C D Swanson 08/31/12
Touching and profoundly gripping. Nicely done.

God bless~
Fiona Stevenson09/02/12
Lovely story. And well written. Just one question - should the 'bulging utters' of para. 2 be 'bulging udders'? Perhaps a colloquialism? God bless you.
Janice Wappel09/03/12
Nicely told story. Made me sad, but also put a smile on my face because of the hard work of father and son to bring "spring" to the mother.
Lori Othouse 09/03/12
What a sweet story. Sad, but yet filled with so much hope. Loved it!!
Shann Hall-LochmannVanBennekom 09/05/12
I absolutley adored this story. It was clever in so many ways. The first thought of lemonade is often sour not sweet, but a little sugar and a lot of love can turn a pucker into a smile. Clyde manged just that.

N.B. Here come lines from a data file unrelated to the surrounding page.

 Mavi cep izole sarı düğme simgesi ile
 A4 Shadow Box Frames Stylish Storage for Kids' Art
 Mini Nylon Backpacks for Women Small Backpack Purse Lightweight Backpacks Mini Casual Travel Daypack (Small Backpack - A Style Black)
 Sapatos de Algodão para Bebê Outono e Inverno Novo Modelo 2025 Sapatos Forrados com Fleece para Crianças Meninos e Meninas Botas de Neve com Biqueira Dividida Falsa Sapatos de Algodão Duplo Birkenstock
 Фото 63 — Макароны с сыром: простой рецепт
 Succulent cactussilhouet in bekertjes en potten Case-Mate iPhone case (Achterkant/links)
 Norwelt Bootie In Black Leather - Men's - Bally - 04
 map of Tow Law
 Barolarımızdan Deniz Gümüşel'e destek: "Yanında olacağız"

I did notice one tiny error, forgive me for I did grin a bit(but with love) Growing up across from a farm taught me that it should be udder not utters. :)

The repetition of Papa never lies was done just perfectly. It stressed so much, a parent's love for a child, the child's love in return and best of all our Papa in Heaven never lies either. You captured the topic in a bittersweet way. This story has a great deal of depth, I believe many will harvest different fruit from your labor of love.